- Kampur Location in Assam, India Kampur Kampur (India)
- Coordinates: 26°12′N 92°38′E﻿ / ﻿26.20°N 92.63°E
- Country: India
- State: Assam
- District: Nagaon

Government
- • Body: Kampur Municipal Board
- Elevation: 48 m (157 ft)

Population (2011)
- • Total: 185,087

Languages
- • Official: Assamese
- Time zone: UTC+5:30 (IST)
- Postal code: 782426
- Vehicle registration: AS-02

= Kampur =

Kampur Town (IPA: ˈkæmˌpʊə) (Assamese: কামপুৰ টাউন) is a census town in Nagaon district in the Indian state of Assam.

==Geography==
Kampur has an average elevation of 48 m.

Kampur town can be reached from Nagaon, Assam District in two ways.
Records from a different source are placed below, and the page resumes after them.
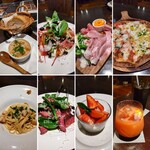 ナミヘイピザ - 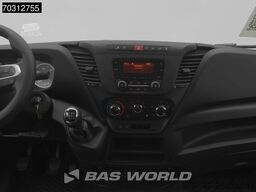 Iveco Daily 35C14 Kipper Doppel Kabine 3,5t AHK Doppe...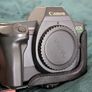 Original Canon EOS Case for EOS 600 630 620 650 Film Camera Image 4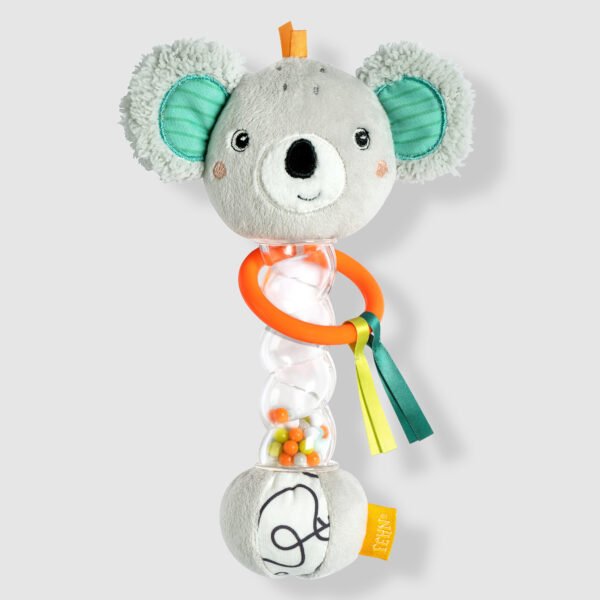 Fehn -  Rainmaker Koala Rattle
It is 32 km from Nagaon District. It is located on the bank of the Kapili River. Kampur railway station is located on the Guwahati–Lumding railway line operated by the Northeast Frontier Railway zone.

==Demographics==
As of 2011 India census, Kampur municipality board has a population of 10,371 of which 5,230 are males while 5,141 are females.
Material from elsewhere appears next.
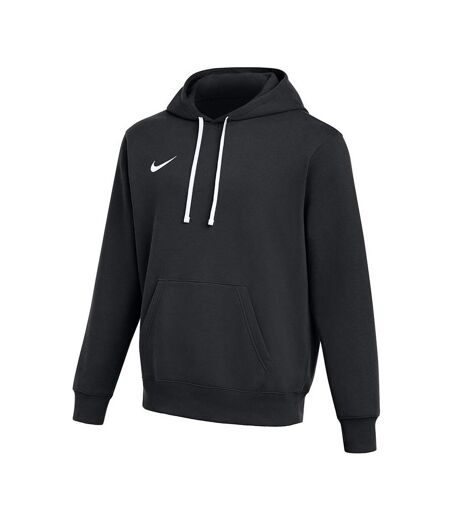Sweat À Capuche Motif/style Logo Park Homme Noir Nike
The population of children with age of 0-6 is 1035 which is 9.98% of the total. The female sex ratio is 983 against the state average of 958. Moreover, the child sex ratio is around 917 compared to Assam state average of 962. The literacy rate is 88.28% higher than the state average of 72.19%. Male literacy is around 91.28% while the female literacy rate is 85.26%.
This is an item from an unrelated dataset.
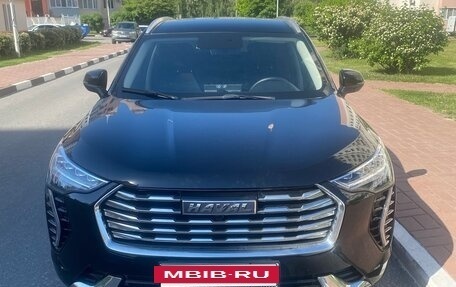 Haval Jolion, 2023 год, 1 780 000 рублей, 2 фотография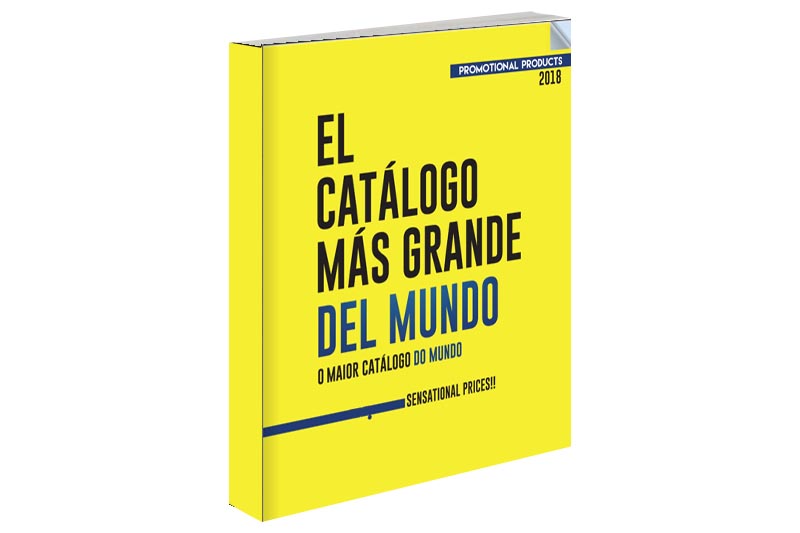 LFPUBLIC Distribuidor de Productos Promocionales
The town supplies over 2,342 houses with amenities including water and sewerage. It builds roads within town limits and taxes properties under its jurisdiction.

== Religion ==
The town includes people who are Hindu (84.9%), Muslim (14.2%), Christian (.5%), Sikh (.2%), Buddhist (0) Jain (.1%), other (0%), and not stated (.1%).